This week we met in Oakland on Tuesday and Berkeley's Clark Kerr campus on Wednesday. 

The highlight for me was the wonderful protest in front of a Berkeley administration building, I’m not great at counting crowds, but I estimate over 100 people, and Lecturers from Berkeley, Davis, Merced, and Santa Cruz (along with the bargaining representatives from Santa Barbara, Los Angeles, Irvine, and Riverside, so eight of the nine UC campuses represented). It was a great event.

Thursday morning, we saw a presentation on the changes to benefits as a result of the ACA. First, when someone is first hired (or reappointed), if he or she is eligible for benefits, he or she is eligible until Dec. 31st. Of which year, you ask? Well, everyone eligible for benefits this Fall is eligible until Dec 31, 2016 (as long as he or she is on pay status). In future years, everyone will have to have a 43.75% appointment (over the whole year) to remain eligible. There are other technical details we need to sort through, but this should be good for us.
We presented proposals on Article 6—Acacemic Appointments, the 7s, 8—Instructional Support, 9—Professional Concerns, 11—Benefits, 17—Layoff, and 21—Salary. The UC accepted our Article 8 proposal, and an earlier proposal on Article 25—Union Rights, and agreed to keep current contract language in Article 30—Discipline and Dismissal. So we TA’d those items.

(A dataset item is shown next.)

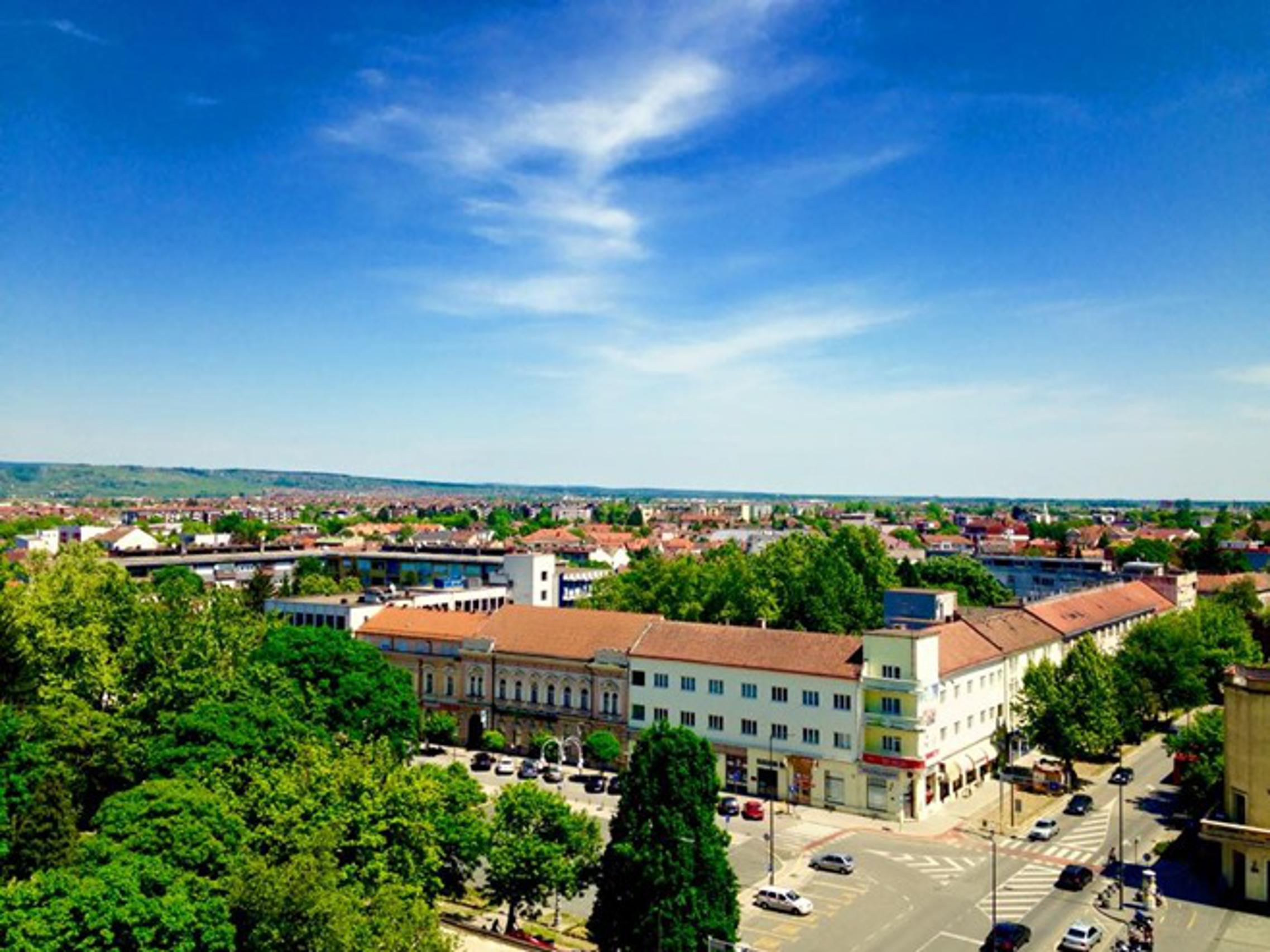Slavonski Brod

The UC also presented Article 12—Leaves (finally). There is one very good improvement: All NSF  (any appointment percentage, pre-continuing or continuing, and both annual and term-by-term appointments) will get 6 weeks paid pregnancy disability leave. That is a huge gain.

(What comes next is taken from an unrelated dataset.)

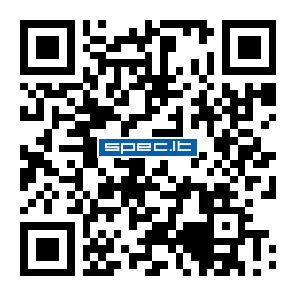 QR kodas | VIEŠOJI ĮSTAIGA RASEINIŲ HIPODROMAS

Despite that, we aren’t done with leaves yet. Some forms of leaves in the Academic Personnel Manual haven’t been brought into the contract, and we need to figure out what’s going on there.
Nothing really was accomplished, except that we’re getting a better understanding of the UC’s parameters. We explained how important Social Security is to us. The UC said it won’t happen. We explained that part-time Lecturers at Stanford, and part time fast-food workers, and everyone else in America gets Social Security, and they still said no. Basically, if we get Social Security, others will want it, and the UC, along with the CSU system and other public agencies, saves a lot of money be making no Social Security contributions for it’s part-time and short-term employees.

We’re meeting again the 3rd and 4th of December, and the UC plans to present every outstanding article in one bunch. We’ll see.